De notre envoyé spécial à Addis-Abeba
Le ministre marocain des Affaires étrangères Nasser Bourita a eu des entretiens bilatéraux avec son homologue du Nigéria Geoffrey Onyeama, puis des Comores Mohamed Bacar Dossar, le 30 juin au siège de l’Union Africaine (UA) à Addis Abeba, à l’issue de la première journée du 31e Conseil exécutif de l’UA qui réunit les 55 ministres des Affaires étrangères des membres de l’organisation. Telquel.ma a suivi les télévisions marocaines lorsqu’un membre de la délégation marocaine est venu les chercher pour filmer les premières secondes de ces deux rencontres.
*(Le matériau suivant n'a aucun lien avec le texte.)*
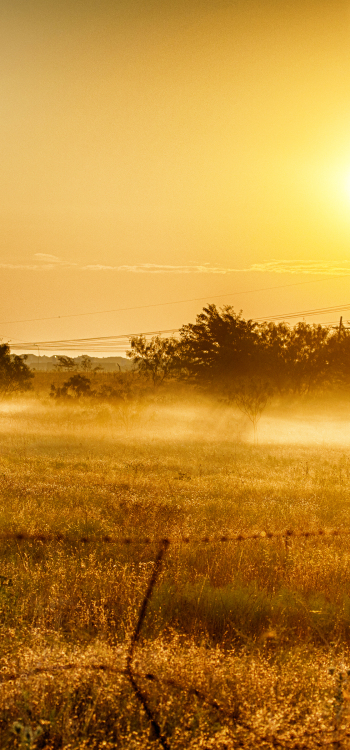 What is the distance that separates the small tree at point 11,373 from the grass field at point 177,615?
2680cm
Après le départ des caméras, notre présence discrète a été tolérée tout au long du premier entretien, puis expressément acceptée lors du second, nous permettant ainsi d’être les témoins privilégiés d’un exercice de la diplomatie marocaine en action, sans le fard de la communication.
Avec le Nigéria, le gazoduc comme colonne vertébrale
Lorsque nous pénétrons dans la salle, le ministre nigérian attend Nasser Bourita avec son conseiller. Nous l’interrogeons sur l’ordre du jour de cette rencontre, vont-ils évoquer le sujet du gazoduc atlantique reliant le Nigéria au Maroc ? « Je ne sais pas, c’est le ministre marocain qui est à l’origine de cette rencontre, » répond-il. « Pour le gazoduc, ce sont les études de faisabilité qui vont déterminer beaucoup de choses pour la suite. Il y a encore beaucoup de travail, » précise-t-il. Il sera bien question de ce projet pharaonique, lors de l’entretien. Les deux ministres échangent en français, sans note, entourés d’une poignée de conseillers, avec quelques passages en anglais pour traduire aux collaborateurs nigérians. Devant les caméras, les premiers mots sont à voix basse, mais nous parvenons à comprendre que Nasser Bourita fait part à Geoffrey Onyeama que « Sa Majesté est très satisfait » des engagements pris le 15 mai à Rabat, et qui instituent une commission mixte entre la Compagnie pétrolière nationale nigériane (NNPC), et l’Office national des hydrocarbures et des mines (ONHYM) pour la réalisation d’études de faisabilité. « C’est bon, nous avons constitué notre task force qui va rapidement se rendre à Abuja, » précise Nasser Bourita.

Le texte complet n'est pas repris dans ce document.